PROBLEM TO WORK ON → What is needed is a word-for-word copy of every record below, minus the pictures.

Dataset records:
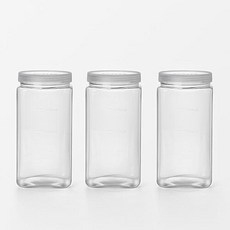 JAJU 심플 냉장고 수납 사각 용기세트_880ml 3p, 1개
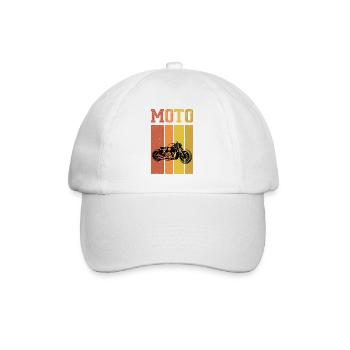 Retro Graphic Motorcycle Rider Motorcyclist Biker - Baseballkappe - Weiß/Weiß - Vorne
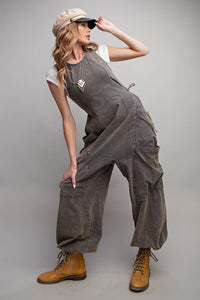 Easel Mineral Washed Cargo Jumpsuit in Ash Pants Easel   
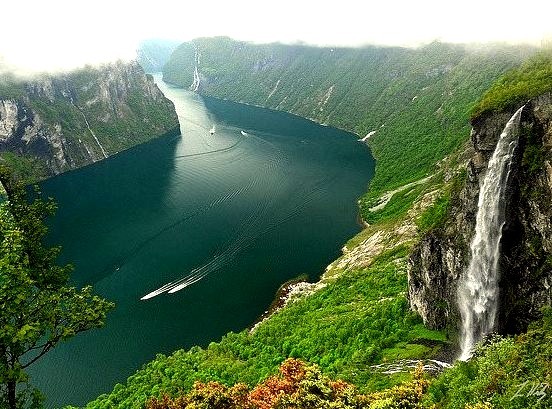 Waterfall in Geirangerfjord, Norway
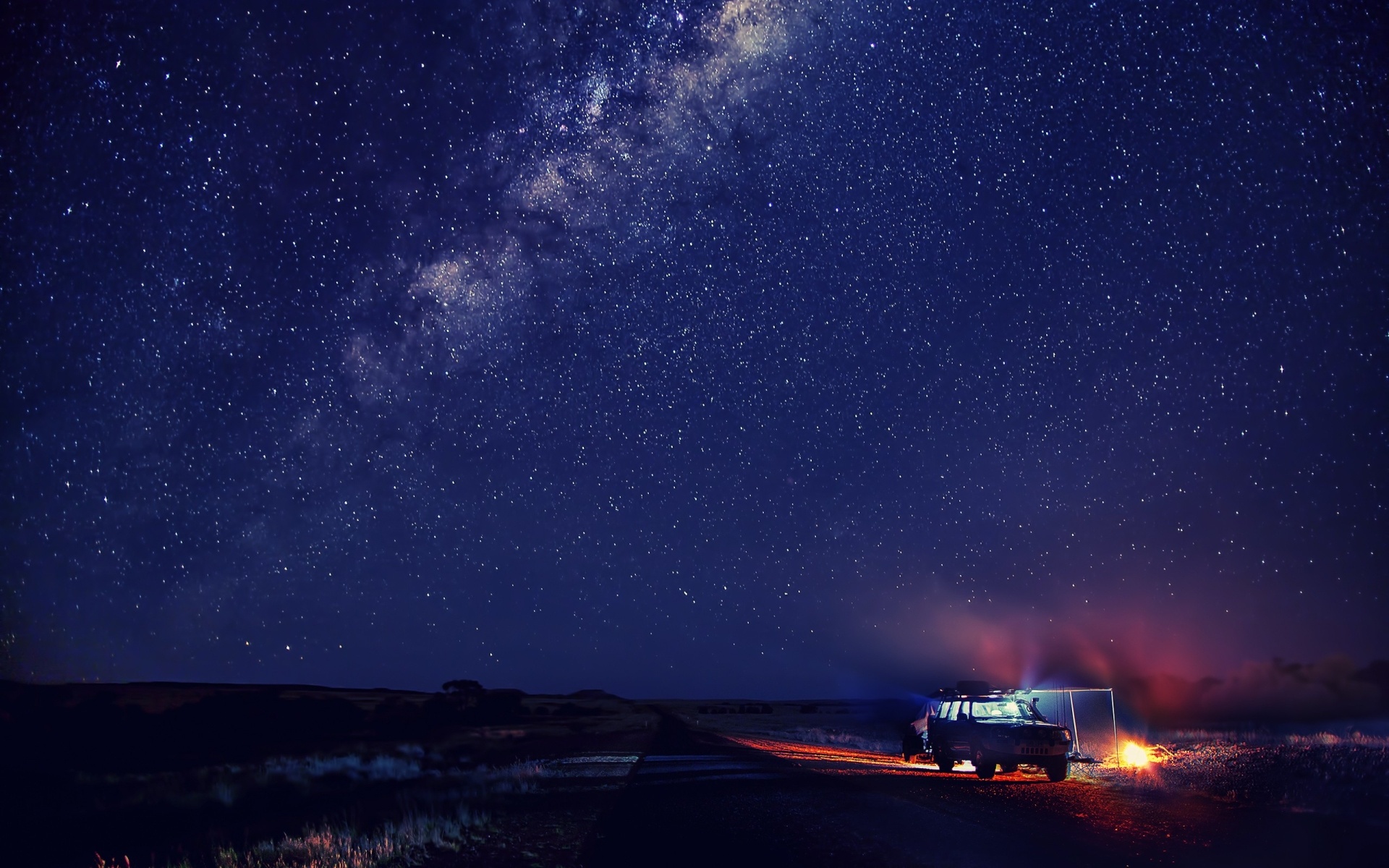 Milky Way galaxy, overland 4WD vehicle, roadside campfire, HD Desktop wallpaper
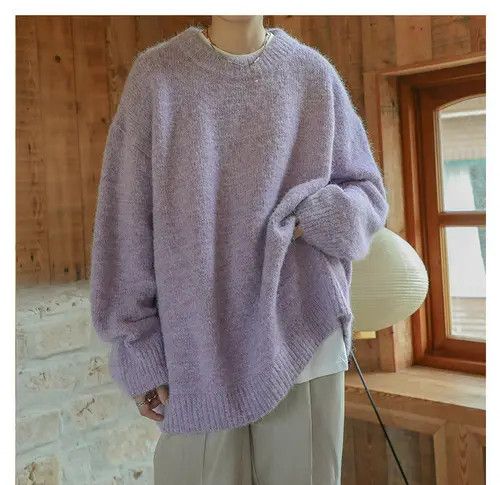 VIBE Purple Knit Sweater Size US L / EU 52-54 / 3 - 5 Thumbnail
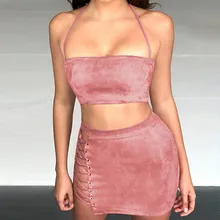 Сексуальный комплект из двух предметов с открытыми плечами, однотонный облегающий Женский комплект 2 шт. Топ с длинным рукавом и юбка, комплекты на лето и осень# g5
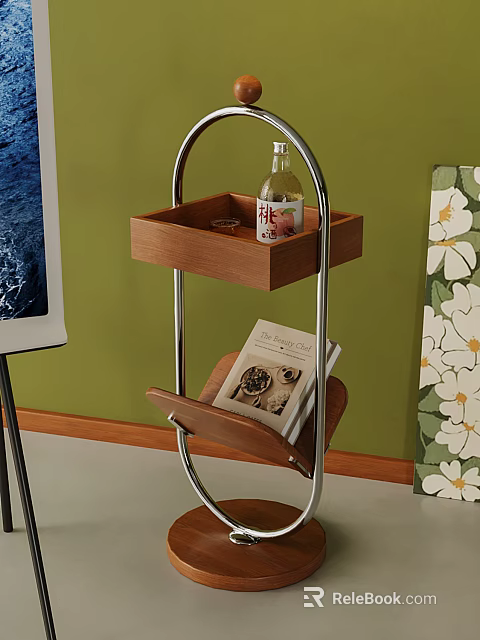 Modern Wooden Storage Shelf with Metal Frame holding Peach Bottle and Magazine on Green Wall 3d model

TASK RESPONSE →
 JAJU 심플 냉장고 수납 사각 용기세트_880ml 3p, 1개
 Retro Graphic Motorcycle Rider Motorcyclist Biker - Baseballkappe - Weiß/Weiß - Vorne
 Easel Mineral Washed Cargo Jumpsuit in Ash Pants Easel   
 Waterfall in Geirangerfjord, Norway
 Milky Way galaxy, overland 4WD vehicle, roadside campfire, HD Desktop wallpaper
 VIBE Purple Knit Sweater Size US L / EU 52-54 / 3 - 5 Thumbnail
 Сексуальный комплект из двух предметов с открытыми плечами, однотонный облегающий Женский комплект 2 шт. Топ с длинным рукавом и юбка, комплекты на лето и осень# g5
 Modern Wooden Storage Shelf with Metal Frame holding Peach Bottle and Magazine on Green Wall 3d model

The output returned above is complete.